A comienzos del nuevo siglo, no había mesa en Galicia que no quisiera contar con la presencia de Antonio Fontenla, un empresario del ladrillo que pronto descubrió el valor de las minicentrales hidroeléctricas y otros negocios igual de lucrativos.
Contaba con el paraguas de la Xunta tras haber asumido el embolado de la Confederación de Empresarios de Galicia (CEG) hundida en la miseria por la pésima gestión de Antonio Ramilo, que dejó un agujero de cientos de millones de las antiguas pesetas aún no aclarado. Y en A Coruña era un habitual de las reuniones del llamado club de los cinco, formado por el entonces director de Caixa Galicia, José Luis Méndez López, el alcalde, Paco Vázquez, el rector, José Luis Meilán Gil, y el editor de La Voz de Galicia, Santiago Rey. Les llamaban los del taxi y se les atribuían todo tipo de operaciones dentro y fuera de la ciudad para afianzar sus negocios.
Antonio Fontenla se acostumbró a vivir en el coche alquilado al servicio de la Confederación y la AP-9 se convirtió en su segundo hogar. No había sarao al que faltara para hacerse ver, neutralizar a sus enemigos y ensanchar su agenda de contactos.
Pero nunca fue visto por sus competidores como un verdadero empresario. De él se admiraba su agenda, pero paulatinamente fueron desapareciendo sus socios y amigos. Primero, Paco Vázquez, que se fue a Roma y acabó por desaparecer de la política. Luego, Méndez López, que dejó esquelética Caixa Galicia con su apuesta por el ladrillo valenciano y se fue a tiempo de evitar consecuencias penales. Incluso tuvo que afrontar un duro pleito familiar por la propiedad de su empresa, que acabó con un enfrentamiento personal nunca superado.
Fontenla intentó redimirse con los sucesores de todos ellos, pero nunca encontró su sitio. Algunas operaciones inmobiliarias, como el desarrollo de Someso, en la entrada de A Coruña, le enfrentaron primero al Partido Popular y luego a la Marea Atlántica. Xulio Ferreiro llegó a poner al antiguo constructor como ejemplo de colaboracionista con su partido, pero acabó por denunciarlo por supuestas irregularidades, si bien es cierto que, como casi siempre, con nulo éxito.

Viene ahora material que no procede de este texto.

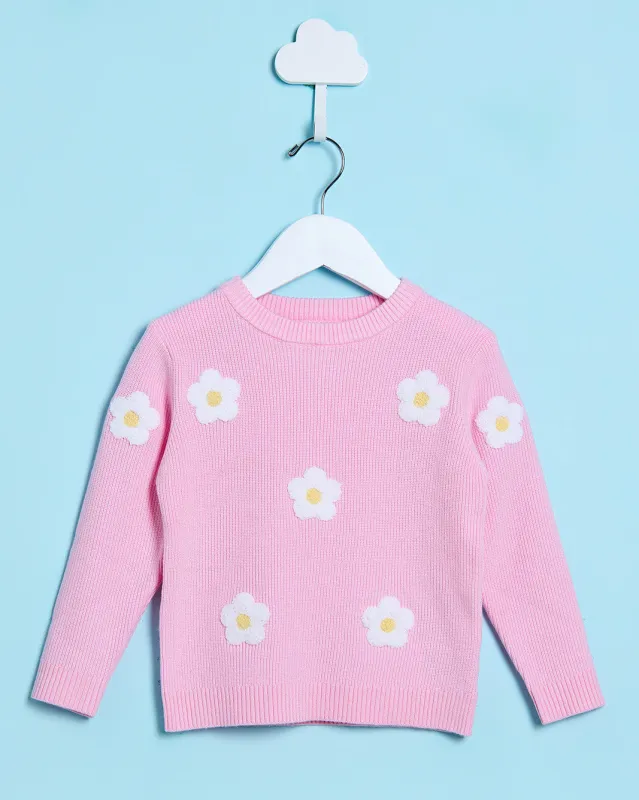 Infant Girls Pink Flower Knitted Sweater sold by Redtag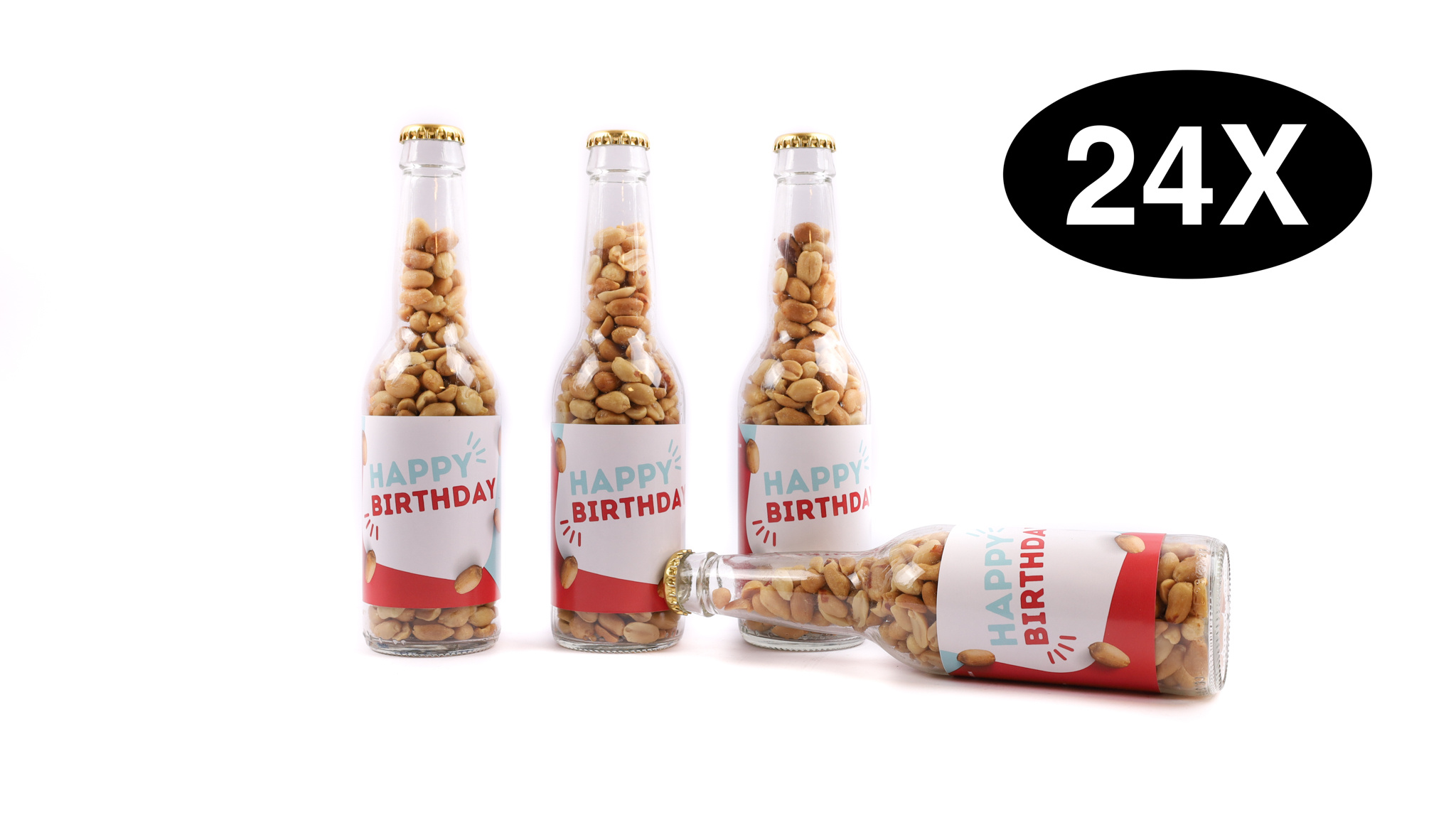 PindaPils Ball Peanuts Salted Happy Birthday 24 pieces 33cl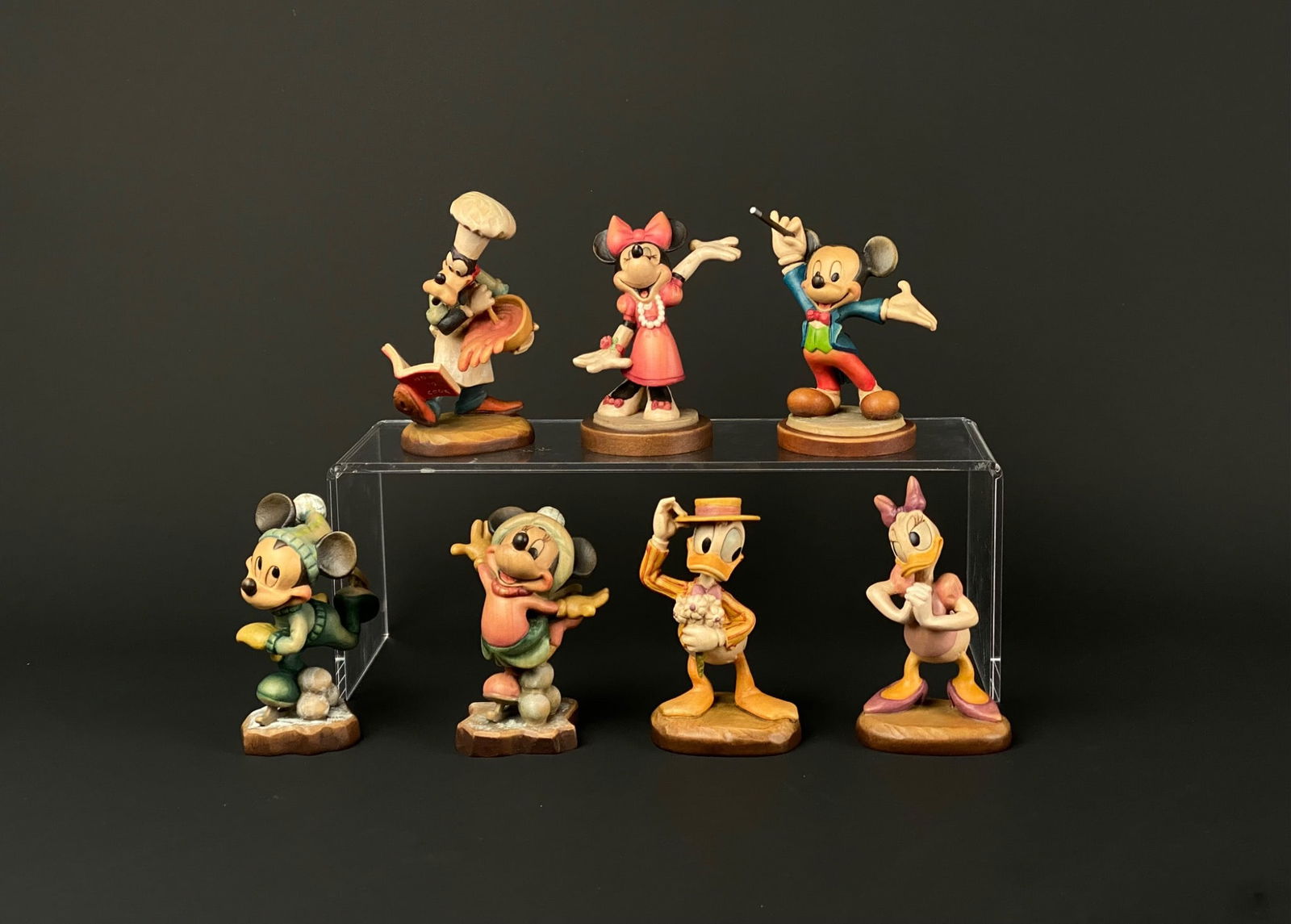 Set of 7 ANRI Hand Carved Disney Figurines (1 of 11)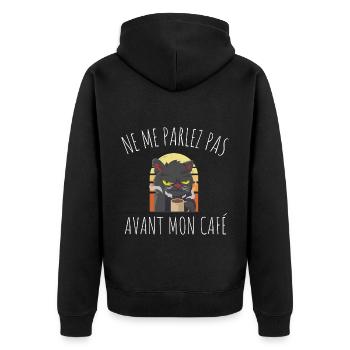 Café pas avant mon café humour chat cadeau - Veste à capuche bio Premium Unisexe - noir - Dos - Nico (187cm)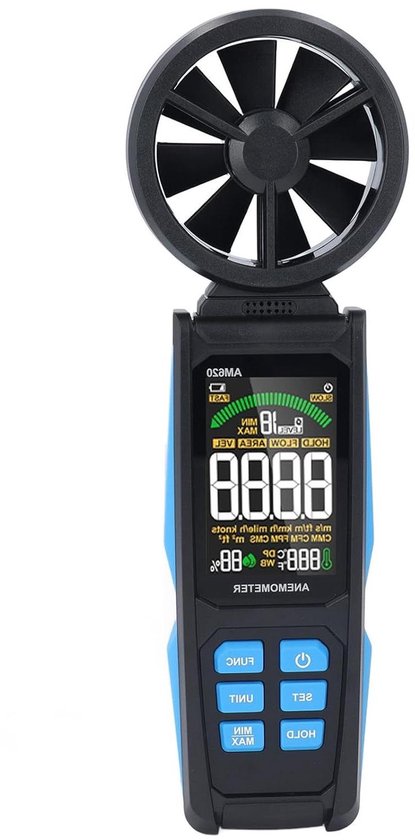 Digitale Anemometer - Windmeter Luchtsnelheidsmeter - Meteorologische Metingen - 180 Graden Rotatie - 252 x 84 x 33 mm - Zwart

En la patronal empresarial, el pulso Coruña-Vigo siempre estuvo latente. Consciente de que no podía mantenerse en el cargo de forma vitalicia, en el año 2015 empezó a maniobrar para controlar la CEG a través de terceros. Primero eligió al ourensano Antonio Dieter Moure, que asumió la presidencia a comienzos del 2016 y dimitió a los diez meses. Después, Fontenla recurrió a uno de sus incondicionales, Antón Arias, miembro del núcleo duro del constructor coruñés que acabó tirando la toalla en el 2018, tras quince meses en el cargo repletos de zancadillas e intentos de tutelaje por parte de quien consideraba un amigo.
En los últimos dos años, Antonio Fontenla logró mantener un interinaje que le beneficiaba por su condición de presidente más antiguo, pero que, tras un pequeño esperpento, ha dado paso a una nueva directiva liderada por Juan Vieites, otro empresario con méritos discutibles que ha sabido ganarse el favor de Lugo y el apoyo del sur frente al enemigo común.
Antonio Fontenla queda ahora limitado a la influencia que pueda desplegar desde una Confederación de Empresarios de A Coruña sin peso alguno entre el tejido productivo coruñés, con una ejecutiva formada por incondicionales, la práctica totalidad de ellos jubilados o sin empresa, e incluso alguno envuelto en alguna turbia investigación judicial.
La principal patronal gallega ya no es interlocutor de nada ni de nadie, pero Fontenla se niega a ceder la silla. La culpa será suya, pero también de la cohorte de aduladores que saben que su futuro no existe sin el paraguas del otrora poderoso empresario.